Segment Open

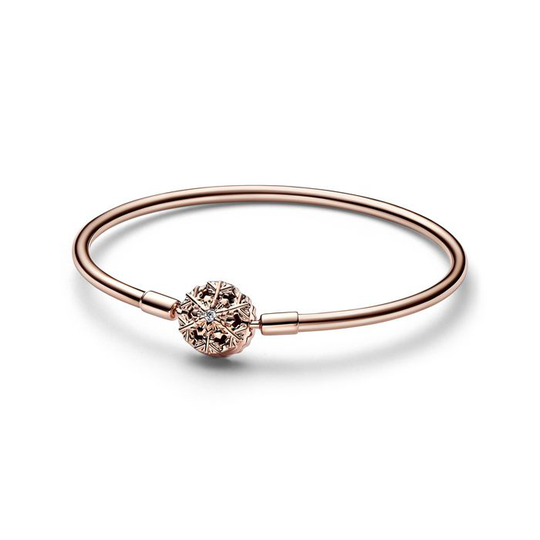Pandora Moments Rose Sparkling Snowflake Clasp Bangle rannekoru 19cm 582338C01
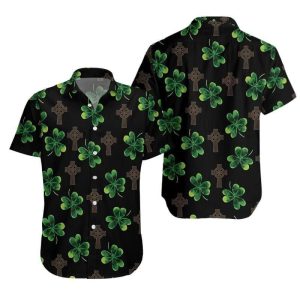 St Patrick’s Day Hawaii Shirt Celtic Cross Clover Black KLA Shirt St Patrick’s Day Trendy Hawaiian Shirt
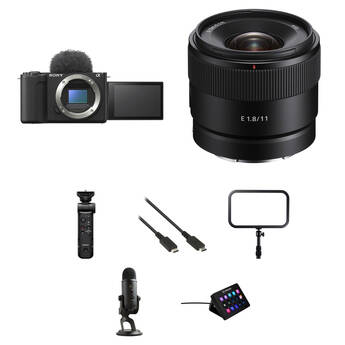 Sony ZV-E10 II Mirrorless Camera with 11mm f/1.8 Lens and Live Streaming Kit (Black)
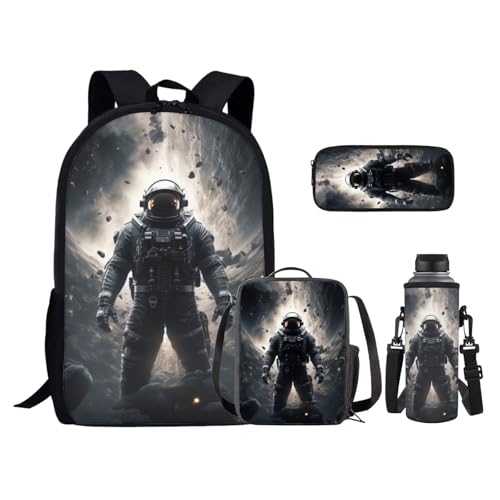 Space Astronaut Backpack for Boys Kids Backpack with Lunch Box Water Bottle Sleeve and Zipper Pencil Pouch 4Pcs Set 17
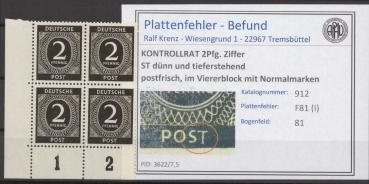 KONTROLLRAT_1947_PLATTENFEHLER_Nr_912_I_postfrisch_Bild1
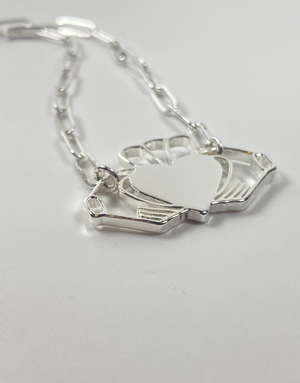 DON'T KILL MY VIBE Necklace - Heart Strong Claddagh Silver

Segment Closed
Segment Open

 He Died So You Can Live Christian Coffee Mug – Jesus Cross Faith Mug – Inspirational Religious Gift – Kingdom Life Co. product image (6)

Segment Closed

→ **PROBLEM**
Output exactly the lines of the listing above that start with the one holding "St Patrick’s Day Hawaii" and go on through the one holding "Sony ZV-E10 II"; leave the pictures out.

→ **ANSWER TO THIS PROBLEM**
 St Patrick’s Day Hawaii Shirt Celtic Cross Clover Black KLA Shirt St Patrick’s Day Trendy Hawaiian Shirt
 Sony ZV-E10 II Mirrorless Camera with 11mm f/1.8 Lens and Live Streaming Kit (Black)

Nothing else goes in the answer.